A video of the two elderly men crying and hugging each other on meeting after 74 years has struck a chord with many people.
The clip, tweeted by journalist Ravinder Singh Robin, showed the brothers being escorted by their relatives to their meeting point.
As they moved closer, the people accompanying the brothers greeted each other. The two men then embraced and wept. One of them consoled the other saying “we met after all”.
"Emotions run high and tears wouldn't stop from the eyes of septuagenarian brothers who were divided during Indo Pak partition but reunited at Kartarpur Sahib after 74 years," Singh said in his tweet.
According to Pakistani media reports, one of the brothers is Siddique, a resident of Faisalabad in Pakistan, while the other is Habib from Phullanwalla village on the Indian side.
Their story is like those of millions of families uprooted and torn apart from because of the violent partition of British-ruled India into two dominions – India and Pakistan – in 1947.
Fifteen million people are believed to have been displaced because of the Partition.
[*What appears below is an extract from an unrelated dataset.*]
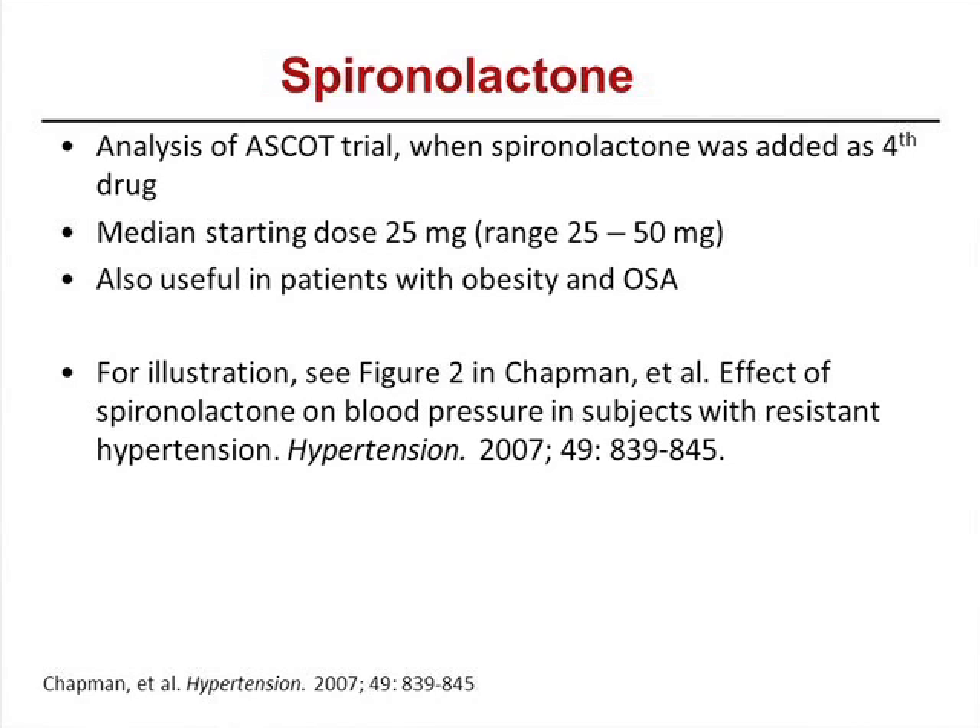One important point: if you're considering putting patients on spironolactone for resistant hypertension, I would advise checking a renin and aldosterone level first to look for primary aldosteronism. Once patients go on spironolactone, it's very difficult to interpret aldosterone levels — you'd have to take them off for at least four to six weeks. So from a practical standpoint, check baseline renin and aldosterone levels before starting spironolactone.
The death toll is estimated to be over 1 million.
A Twitter user said the Kartarpur Corridor, a visa-free border crossing opened in 2019, that allows Indian pilgrims to visit Gurdwara Darbar Sahib in Pakistan, had helped reunite the brothers. “A corridor of reunion,” Gagandeep Singh said.
“Two brothers who parted ways during the partition - one choosing India, the other Pakistan reunite for the first time in 74+ years at Kartarpur - the scars run deep but there is hope to heal,” journalist Ali Mustafa said.